Two years after receiving $24 million for the task, officials with the state Department of Justice said Thursday that the agency needs up to three more years to eliminate a backlog of people who improperly own firearms despite criminal convictions or mental illness.

Dissatisfied with the slow progress, state lawmakers called for fixes to the $24-million program designed to eliminate the backlog of approximately 20,000 people who possess more than 40,000 firearms. When the money was allocated, the Justice Department promised to eliminate the backlog in three years.

Members of a Senate panel said during a hearing Thursday that they are alarmed that 40% of the funds have been spent but the backlog has only been reduced by about 17%, meaning that with thousands more added each year there are still more than 16,000 people on the list.

The state may be able to reduce the backlog to 10,000 people by the time the special funding runs out next year, said Stephen Lindley, who is chief of the Justice Department’s Bureau of Firearms. He told the Senate budget subcommittee on public safety that the department needs two to three more years to eliminate the backlog.


“There is concern in the Legislature that we need to do better,” said Sen. Loni Hancock (D-Berkeley), who chairs the panel.

Hancock said she was particularly troubled that 38 special agents hired and trained by the agency at a cost of $20,000 each have left the program for other, more permanent jobs within the department, some within weeks of being employed.

Hancock said she would introduce legislation that requires the program to be repaid training and hiring costs for agents who leave the special program within a year.

She also said some remedy is needed to a problem in which the special agents are not able to get into the homes of a number of people on the list because they don’t have a search warrant.


Lindley said some cases involve guns believed purchased in the 1990s so the information is too “stale” to get a search warrant. Being on the list of armed prohibited persons is not itself enough to provide probable cause to get a warrant.

Hancock recommended that the department prioritize newer cases in which staleness is not an issue. “We need to figure this out. This is obviously a big impediment,” she told Lindley.

Sen. Joel Anderson (R-San Diego) complained that the program has gone after people with relatively minor crimes from the 1970s when new, violent felons are left on the list. “Why are we taking valuable resources and spending them in such a frivolous way,” he asked.

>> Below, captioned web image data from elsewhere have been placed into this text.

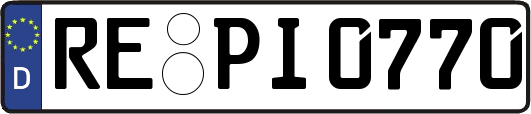 RE-PI0770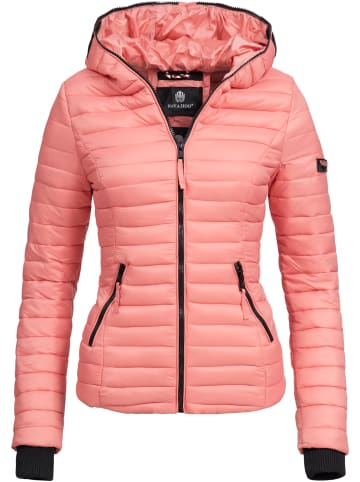 Navahoo Übergangsjacke Kimuk in Coral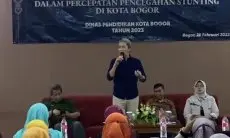 Dinas Pendidikan Kota Bogor Dorong Tenaga Pendidik PAUD Aktif Perkuat Pencegahan Stunting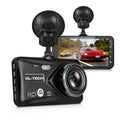 UL-tech Dash Camera 1080P Front Rear 4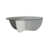 Clear Top/White Base is out of stock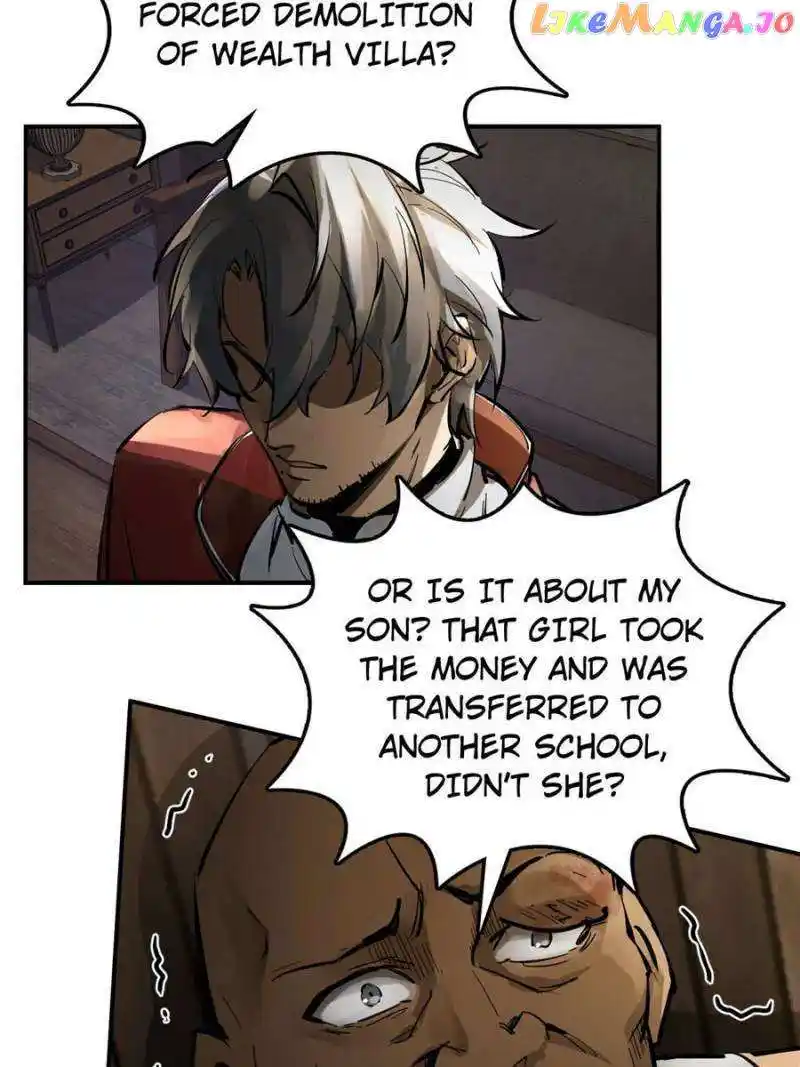 All Starts With Ubume Chapter 249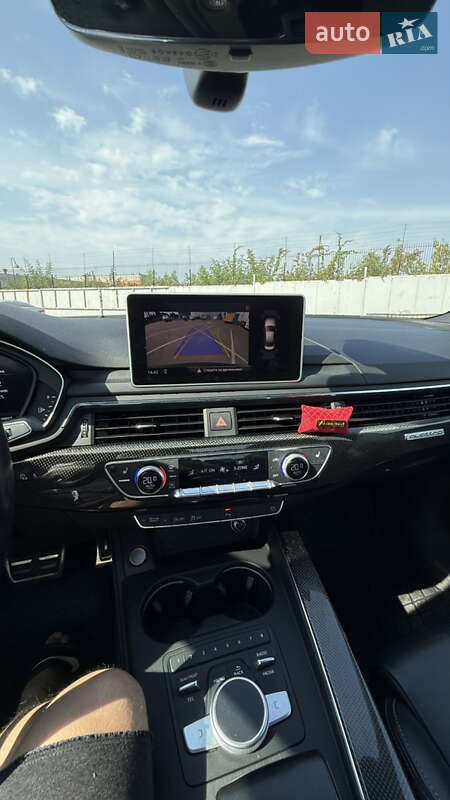 Седан Audi S4 2017 в Белой Церкви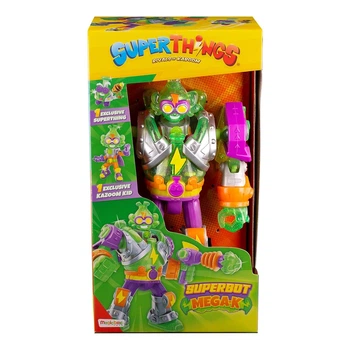 Игровой набор S – Супербот Мега-К SuperThings (2000003076024)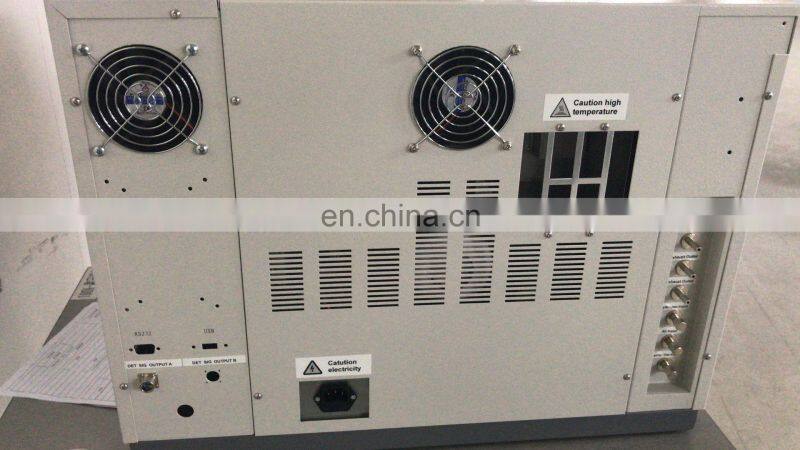 Gas Chromatograph/chromatography price with chromatography column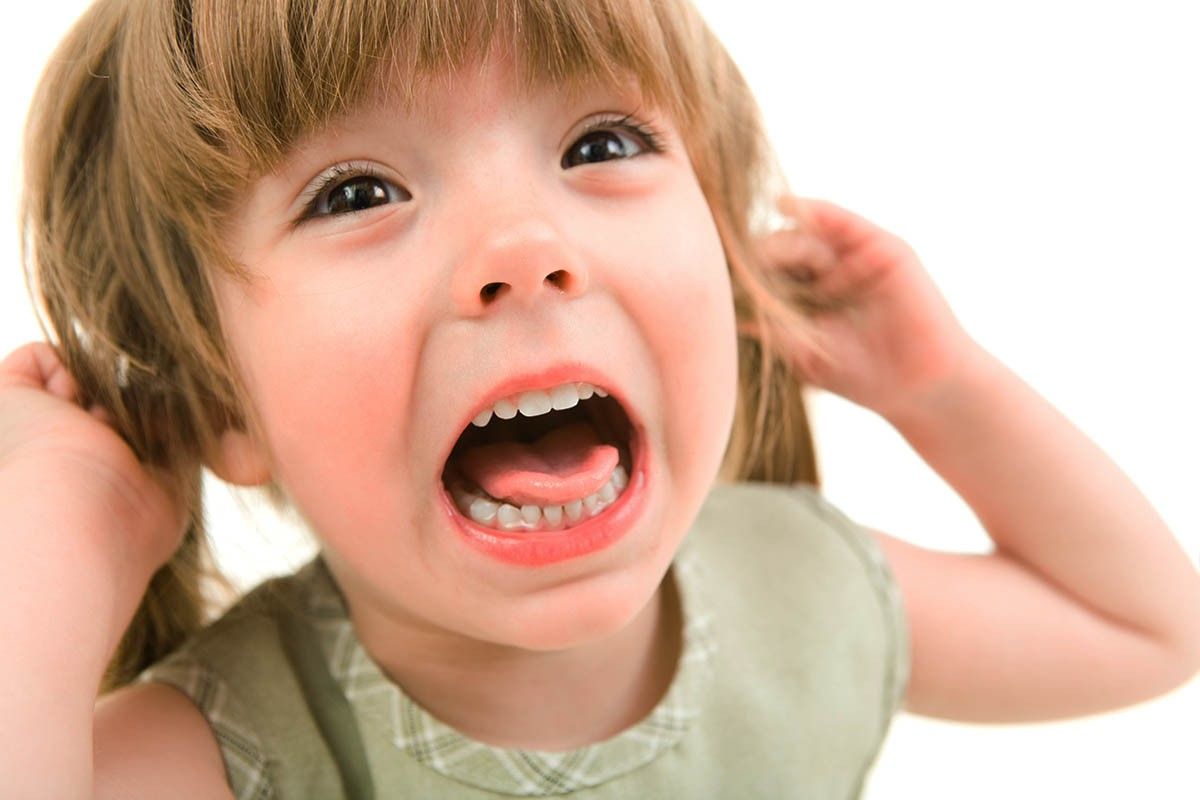 ребенок плохо ведет себя в саду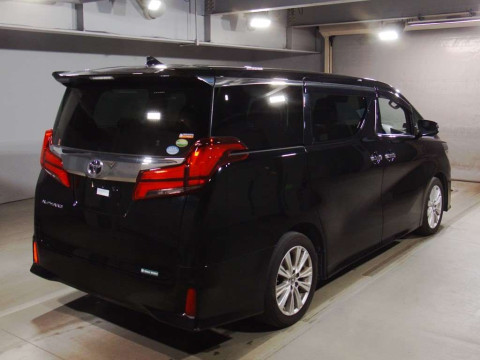 2019 Toyota Alphard AGH30W[1]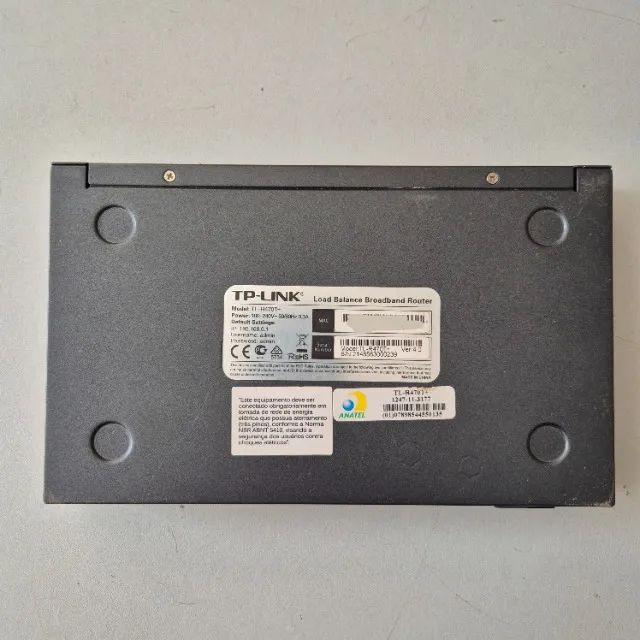 Load Balancer Tp-Link TL-R470T+ V4 - Foto 5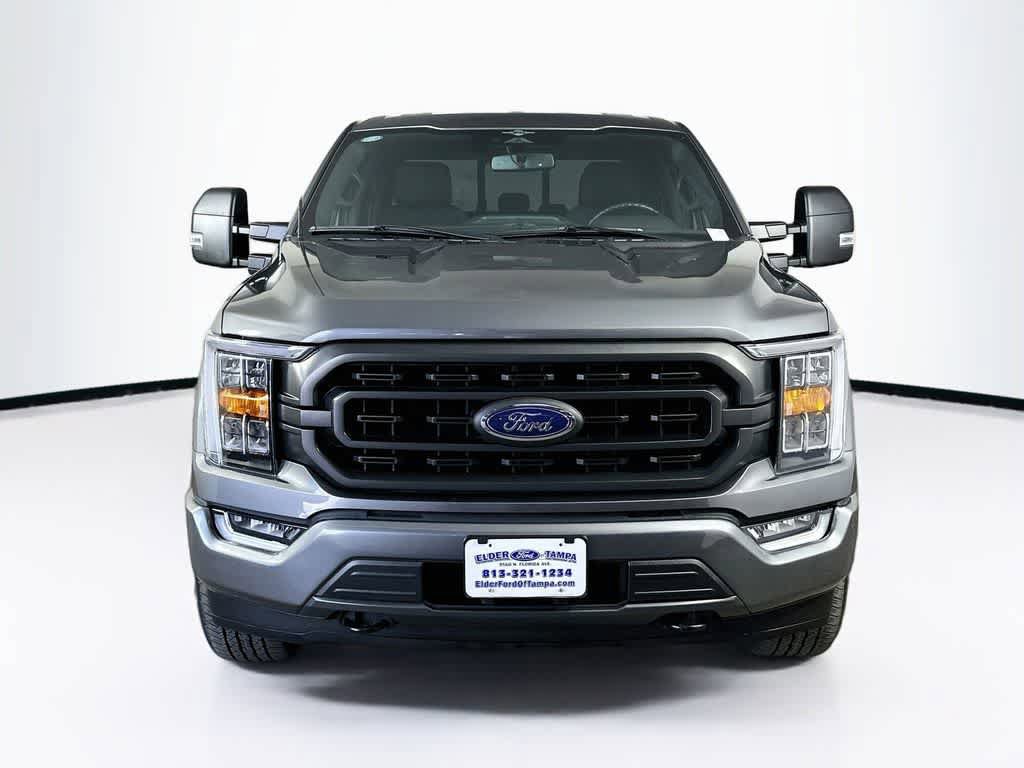 Certified 2023 Ford F150 XLT w/ Equipment Group 302A High AWD/4WD image 6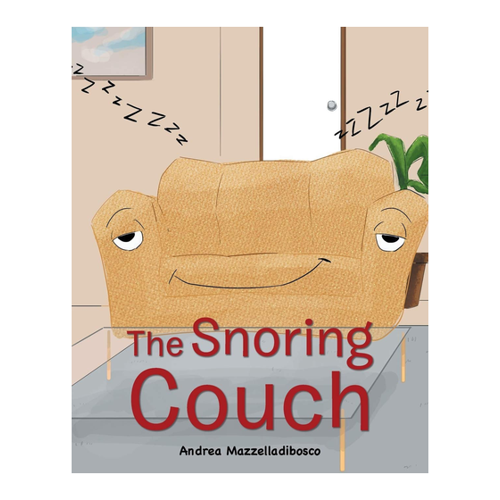 Bild von The Snoring Couch, Mazzelladibosco, Andrea: The Snoring Couch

The issue has potential political implications given that Atty. Gen. Kamala D. Harris has announced a campaign for the U.S. Senate.

Sen. Mark Leno (D-San Francisco), a close ally of Harris and author of the bill that allocated the $24 million, appeared at the hearing and came to her defense Thursday.

He said if the special effort had not been pursued, the number of prohibited gun owners would be about 28,000 now. “We have made extraordinary progress,” Leno said.